A/N: Saya belajar bahasa Indonesia di sekolah saja (di Australia), jadi bahasa Indonesia saya tidak bagus. Maaf, ya! Dan fanfiction ini aneh sekali.


Di Kafe

By Janine (see profile – maaf, saya tidak tahu kata-kata bahasa Indonesia untuk itu)

Pada liburan sekolah, Yagz berlibur ke Indonesia sendirian. Waktu dia tiba di sana, dia takut sekali karena dia jarang mendengarkan gurunya dan tidak mengerjakan PRnya. Jadi dia berjalan-jalan saja selama setengah jam, sebelum masuk ke sebuah kafe. Kafenya tidak terlalu ramai, dan ada beberapa tempat kosong. Dia duduk samping jendela.

Seorang pelayan melihat dia dan berkata, "Selamat siang. Mau pesan apa?"

Yagz tidak bisa menjawab. Dia kira bahwa pelayannya sangat ganteng. Dia muda sekali, berumur lebih-kurang limabelas tahun. Rambutnya panjang dan berwarna coklat muda, dan matanya besar dan berwarna hijau. Dia memakai kemeja yang putih dan jas dan celana panjang yang hitam. Yagz kira bahwa pakaian itu cocok untuk dia.

Sesudah beberapa menit, pelayan merasa bingung karena Yagz tidak menjawab. "Anu . . . mau pesan apa?" dia bertanya lagi.

"M-Maaf?" berkata Yagz. "Anu – anu . . . saya perlu berkata apa, ya? Anu – kamu ganteng . . . dan ciumlah saya sekarang, Bang –"

"Maaf?!"

"Aduh! Tidak, tidak!" Muka Yagz sangat merah. Telinganya merah juga. "Saya mau cari kamar pas – ah, tidak, saya tidak di toserba! Saya mau pesan . . . oh, lupalah ini, saya tidak lapar. Maaf, Bang."

"Jadi mengapa kamu di sini?" Pelayan masih bingung.

"Saya tidak tahu saya ke mana, karena saya tidak pandai bahasa Indonesia."
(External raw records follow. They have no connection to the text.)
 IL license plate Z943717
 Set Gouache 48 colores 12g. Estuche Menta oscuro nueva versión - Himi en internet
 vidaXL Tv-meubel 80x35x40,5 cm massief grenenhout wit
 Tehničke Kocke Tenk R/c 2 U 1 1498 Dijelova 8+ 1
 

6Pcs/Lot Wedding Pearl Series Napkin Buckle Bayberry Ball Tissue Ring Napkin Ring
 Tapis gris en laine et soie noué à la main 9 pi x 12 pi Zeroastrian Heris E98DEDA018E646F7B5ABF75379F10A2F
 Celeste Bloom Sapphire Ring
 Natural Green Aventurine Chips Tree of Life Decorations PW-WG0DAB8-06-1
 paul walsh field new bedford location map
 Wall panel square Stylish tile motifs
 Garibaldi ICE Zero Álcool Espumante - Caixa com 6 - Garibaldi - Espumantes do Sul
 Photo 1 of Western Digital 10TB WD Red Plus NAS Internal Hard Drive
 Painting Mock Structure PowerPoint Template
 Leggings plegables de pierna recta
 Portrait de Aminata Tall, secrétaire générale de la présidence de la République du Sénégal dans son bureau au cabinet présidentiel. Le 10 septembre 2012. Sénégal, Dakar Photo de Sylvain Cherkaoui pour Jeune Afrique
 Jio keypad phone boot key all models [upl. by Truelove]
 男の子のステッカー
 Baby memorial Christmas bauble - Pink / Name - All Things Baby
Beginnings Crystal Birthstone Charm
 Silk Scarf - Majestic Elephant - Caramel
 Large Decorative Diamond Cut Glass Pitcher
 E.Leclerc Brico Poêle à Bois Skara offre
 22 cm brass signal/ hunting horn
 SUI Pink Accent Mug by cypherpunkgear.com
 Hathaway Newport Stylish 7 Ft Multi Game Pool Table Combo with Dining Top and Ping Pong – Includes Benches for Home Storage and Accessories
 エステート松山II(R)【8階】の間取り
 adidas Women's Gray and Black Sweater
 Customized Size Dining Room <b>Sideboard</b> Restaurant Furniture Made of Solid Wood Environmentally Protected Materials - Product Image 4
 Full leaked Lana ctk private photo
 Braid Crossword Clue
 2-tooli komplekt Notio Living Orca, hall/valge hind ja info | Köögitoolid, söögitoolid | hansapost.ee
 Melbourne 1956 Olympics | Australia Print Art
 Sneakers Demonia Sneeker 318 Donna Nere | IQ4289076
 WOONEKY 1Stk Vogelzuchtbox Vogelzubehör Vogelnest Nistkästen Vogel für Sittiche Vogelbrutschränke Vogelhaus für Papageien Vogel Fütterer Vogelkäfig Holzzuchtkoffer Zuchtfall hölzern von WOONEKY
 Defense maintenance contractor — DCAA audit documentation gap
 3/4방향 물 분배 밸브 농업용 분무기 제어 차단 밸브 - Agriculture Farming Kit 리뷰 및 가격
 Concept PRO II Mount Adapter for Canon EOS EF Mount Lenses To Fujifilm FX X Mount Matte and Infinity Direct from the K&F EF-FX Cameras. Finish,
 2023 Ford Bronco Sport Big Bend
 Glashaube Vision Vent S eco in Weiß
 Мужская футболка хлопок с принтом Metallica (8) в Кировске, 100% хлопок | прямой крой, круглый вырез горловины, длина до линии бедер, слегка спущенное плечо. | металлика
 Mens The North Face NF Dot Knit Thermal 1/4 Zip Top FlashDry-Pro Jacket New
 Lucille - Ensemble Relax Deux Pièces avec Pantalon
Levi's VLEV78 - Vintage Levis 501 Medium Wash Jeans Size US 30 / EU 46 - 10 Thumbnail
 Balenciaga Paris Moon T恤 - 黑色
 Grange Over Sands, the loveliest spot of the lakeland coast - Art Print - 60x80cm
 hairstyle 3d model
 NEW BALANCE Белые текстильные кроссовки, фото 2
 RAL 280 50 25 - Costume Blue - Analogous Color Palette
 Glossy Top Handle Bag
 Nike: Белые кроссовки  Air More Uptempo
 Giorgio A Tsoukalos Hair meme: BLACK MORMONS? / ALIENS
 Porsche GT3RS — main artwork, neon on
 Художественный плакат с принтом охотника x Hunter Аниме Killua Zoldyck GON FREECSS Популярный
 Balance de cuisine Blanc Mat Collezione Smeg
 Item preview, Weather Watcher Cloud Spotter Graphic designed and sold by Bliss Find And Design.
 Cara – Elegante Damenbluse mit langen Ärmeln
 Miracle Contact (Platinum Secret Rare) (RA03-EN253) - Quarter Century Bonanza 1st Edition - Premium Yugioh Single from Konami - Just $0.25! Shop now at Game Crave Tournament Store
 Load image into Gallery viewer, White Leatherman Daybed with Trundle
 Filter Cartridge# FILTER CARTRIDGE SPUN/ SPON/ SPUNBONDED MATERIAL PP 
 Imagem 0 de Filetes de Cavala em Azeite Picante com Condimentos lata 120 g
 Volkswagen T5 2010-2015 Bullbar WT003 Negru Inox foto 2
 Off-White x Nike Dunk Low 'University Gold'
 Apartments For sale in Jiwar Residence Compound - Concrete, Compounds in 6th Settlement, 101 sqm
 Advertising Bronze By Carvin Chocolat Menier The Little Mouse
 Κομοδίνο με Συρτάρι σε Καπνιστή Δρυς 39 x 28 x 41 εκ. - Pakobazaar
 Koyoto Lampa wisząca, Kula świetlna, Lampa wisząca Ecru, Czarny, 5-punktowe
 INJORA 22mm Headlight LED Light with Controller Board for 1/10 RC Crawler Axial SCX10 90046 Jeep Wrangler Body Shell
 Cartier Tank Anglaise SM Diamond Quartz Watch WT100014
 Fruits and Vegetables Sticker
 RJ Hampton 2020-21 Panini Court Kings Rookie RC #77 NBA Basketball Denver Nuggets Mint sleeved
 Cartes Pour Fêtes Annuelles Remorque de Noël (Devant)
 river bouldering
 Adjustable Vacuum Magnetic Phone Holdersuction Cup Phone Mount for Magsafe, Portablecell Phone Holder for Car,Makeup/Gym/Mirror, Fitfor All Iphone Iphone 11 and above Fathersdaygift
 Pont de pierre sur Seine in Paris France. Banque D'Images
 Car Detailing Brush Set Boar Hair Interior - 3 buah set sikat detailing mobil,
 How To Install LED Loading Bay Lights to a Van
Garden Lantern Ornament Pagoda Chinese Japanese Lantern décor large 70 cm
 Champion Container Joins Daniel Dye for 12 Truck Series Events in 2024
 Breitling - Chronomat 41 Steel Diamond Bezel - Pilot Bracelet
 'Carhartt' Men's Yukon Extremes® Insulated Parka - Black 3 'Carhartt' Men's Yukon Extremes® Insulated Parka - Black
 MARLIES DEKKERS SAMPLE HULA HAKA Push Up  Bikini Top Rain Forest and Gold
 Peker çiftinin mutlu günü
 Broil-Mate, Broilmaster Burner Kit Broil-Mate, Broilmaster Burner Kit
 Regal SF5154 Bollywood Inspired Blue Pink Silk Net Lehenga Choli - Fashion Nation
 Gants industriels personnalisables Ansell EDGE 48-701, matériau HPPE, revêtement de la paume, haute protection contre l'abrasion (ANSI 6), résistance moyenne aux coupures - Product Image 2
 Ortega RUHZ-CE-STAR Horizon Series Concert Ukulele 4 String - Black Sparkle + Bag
"Oh, benar? Kamu dari mana?"

"Dari Australia."

"Australia? Oh, sayang sekali – saya dari Jerman. Saya bukan orang Indonesia, tapi saya tidak bisa berbahasa Inggris. Hmm . . . siapa namamu?"

"Nama saya Yagz."

"Saya Alphonse, tapi saya lebih suka 'Al'."

Sekarang Yagz merasa malu. "Al . . . nama itu bagus. Saya suka namamu."

"Maaf? Ulangilah."

"Ah, tidak! Saya berkata – saya tidak – oh, maaf."

Sepuluh menit kemudian, Al berkata, "Kamu kira bahwa kamu tidak lapar, Yagz. Saya tidak percaya." Dia ke belakang kafe dan lalu memberi sebuah kueh kepada Yagz. Kuehnya indah, besar dan berwarna merah muda.

"Wah! Kueh! Makanan favorit saya! Cihui! Kelihatannya enak."

"Saya benar, ya?" berkata Al. "Apakah kamu lapar sekarang?"

"Anu . . . sedikit . . . mungkin." Muka Yagz merah lagi. Dia mulai makan. "Enak sekali! Boleh saya bertanya, Al, kafe ini bernama apa?"

"Nama kafe ini? Dunia Janin."

Yagz berhenti makan. "Dunia . . . apa?"

"Dunia Janin."

"Dan . . . kueh ini terbuat dari apa?"

"Kalau tidak salah," menjawab Al, "telur, susu, minyak . . . dan janin. Banyak janin."

Yagz berdiri. "Sialan!" dia berkata, dan dia ke luar Dunia Janin dan tidak membayar untuk kuehnya.

Al bingung lagi. "Jangan berangkat! Baiklah, kamu boleh cium saya! Jadi jangan berangkat!"

Dua minggu kemudian, waktu Yagz di Australia lagi, teman-temannya bertanya dia, "Kamu melakukan apa di Indonesia?"

Dia berkata dalam bahasa Inggris, "Saya berbicara dengan seorang pelayan, dan saya kira bahwa dia lucu, tapi . . ."

"Tapi apa?" berkata temannya.

"Diamlah," menjawab Yagz. "Saya tidak suka dia samasekali."